Но эти антиномии существуют лишь в абсолюте, они предполагают мир и мышление, лишенные опосредований. Действительно, примирение между Богом, полностью отделенным от истории, и историей, очищенной от всего трансцендентного, невозможно. Их представителями на земле являются соответственно йоги и комиссары. Но различие между этими двумя типами людей не сводится, как это принято считать, к разнице между бесплодной чистотой и голым действием. Просто первые выбирают бесплодность воздержания, а вторые - разрушения. Пренебрегая опосредуюшей ценностью, которую как раз и выявляет бунт, оба эти типа людей, в равной мере далекие от реальности, воплощают два вида бессилия: бессилие добра и бессилие зла.

Если пренебрежение историей и впрямь равнозначно отрицанию действительности, то взгляд на историю как на нечто самодовлеющее еще более удаляет нас от действительности. Революция XX в. думает избежать нигилизма и остаться верной истинному бунту, заменив Бога историей. На самом же деле она укрепляет позиции первого и предает вторую.
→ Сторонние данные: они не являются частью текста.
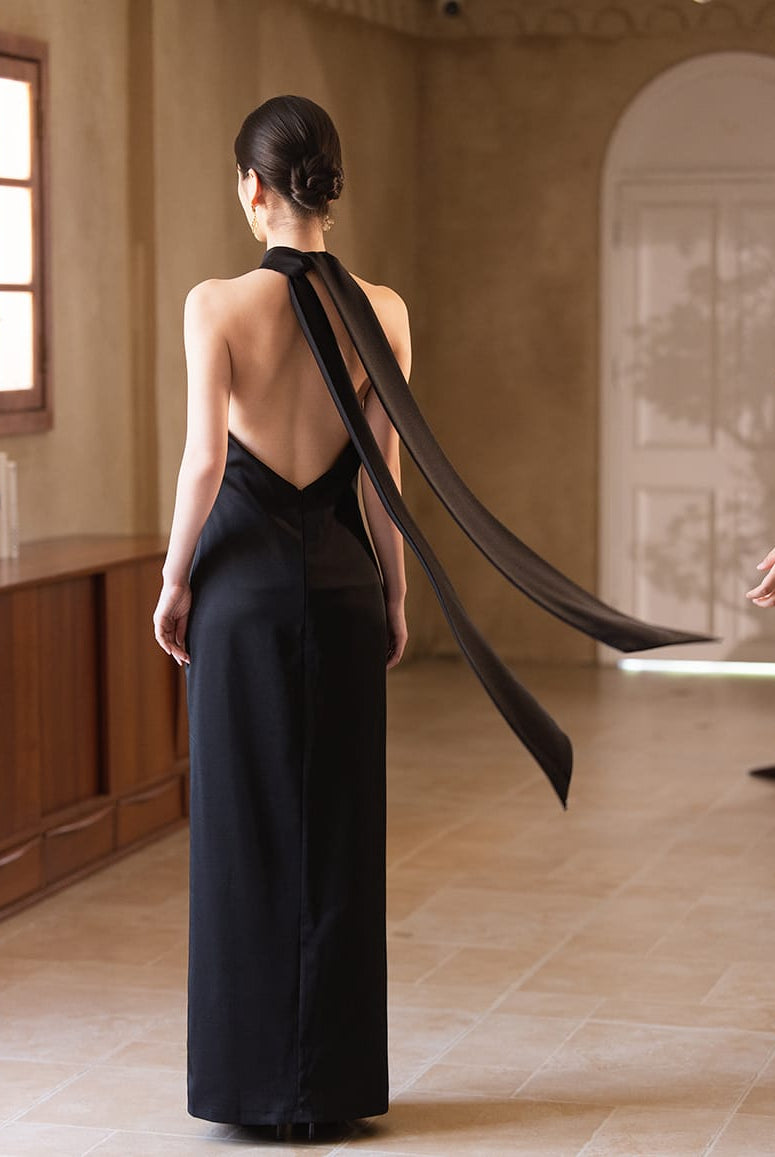 Beth and Brian Qipao-Exclusivedesigner Exclusive Designer Collection | Backless Maxi Cheongsam Gown with Ribbons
История в чистом виде сама по себе не создает никаких ценностей. Жить в ней нужно, приноравливаясь ко злобе дня, то есть либо лгать, либо молчать. Систематическое насилие или навязанное молчание, расчет или заведомая ложь становятся ее неукоснительными законами. Чисто историческая мысль нигилистична: она целиком принимает историческое зло и этим противопоставляет себя бунту.И сколько бы она в оправдание себе ни твердила об абсолютной разумности истории, этот исторический разум может обрести завершенность и полноту смысла, стать поистине абсолютизм разумом и ценностью лишь с концом истории. А покуда нужно действовать, и действовать, не сообразуясь с законом морали, чтобы восторжествовал окончательный закон. Цинизм как политическая позиция логичен лишь как функция абсолютистской мысли, то есть как абсолютный нигилизм, с одно стороны, и абсолютный рационализм - с другой3. Что же касается последствий, к которым ведут обе эти позиции, то между ними нет разницы. Стоит принять их - и земля обратится в пустыню.
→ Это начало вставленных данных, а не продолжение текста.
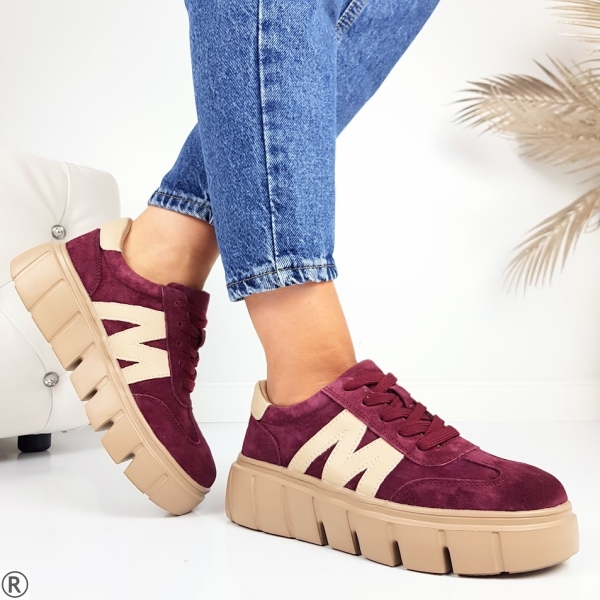 Кецове от естествен велур на платформа- Vera 11089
На самом же деле чисто исторический абсолют попросту невообразим. Ясперс, например, подчеркивает, что человек не способен охватить тотальность, поскольку сам он включен в нее. История как единое целое могла бы существовать лишь для постороннего наблюдателя, находящегося как вне ее, так и вне мира. Строго говоря, история существует лишь в глазах Бога. Стало быть, невозможно действовать, исходя из планов, охватывающих всю тотальность всемирной истории. Всякое историческое предприятие - это всего лишь более или менее разумная или обоснованная авантюра. Авантюра рискованная. А если рискованная, то и неспособная оправдать никакой исключительности никакой неумолимой и абсолютной позиции.

Если бы бунт был способен основать философию, это была бы философия предела, философия рассчитанного незнания и риска. Кто не может знать всего, не в силах все уничтожить. Отнюдь не пытаясь возвести историю в абсолют, бунтовщик отвергает и опровергает ее во имя идеи, которую он составил себе о своей собственной природе. Он отвергает свой удел, а его удел в значительной мере историчен. Несправедливость, бренность, смерть проявляются именно в истории. Отвергая их, он отвергает саму историю. Разумеется, бунтовщик не отрицает современную ему историю - ведь именно в ней он намерен утвердиться. Он смотрит на нее как художник на окружающую его действительность, он отталкивается от нее, а не увиливает. И ни на миг не превращает ее в абсолют. Поэтому, если ему и приходится, в силу обстоятельств, быть соучастником исторического преступления, он не станет его оправдывать. Рациональное злодейство не только не может утвердиться на уровне бунта - оно попросту означает его гибель. И словно бы подтверждая очевидность этой истины, рациональное злодейство обрушивается в первую очередь на бунтовщиков, чей мятеж бросает вызов обожествленной истории.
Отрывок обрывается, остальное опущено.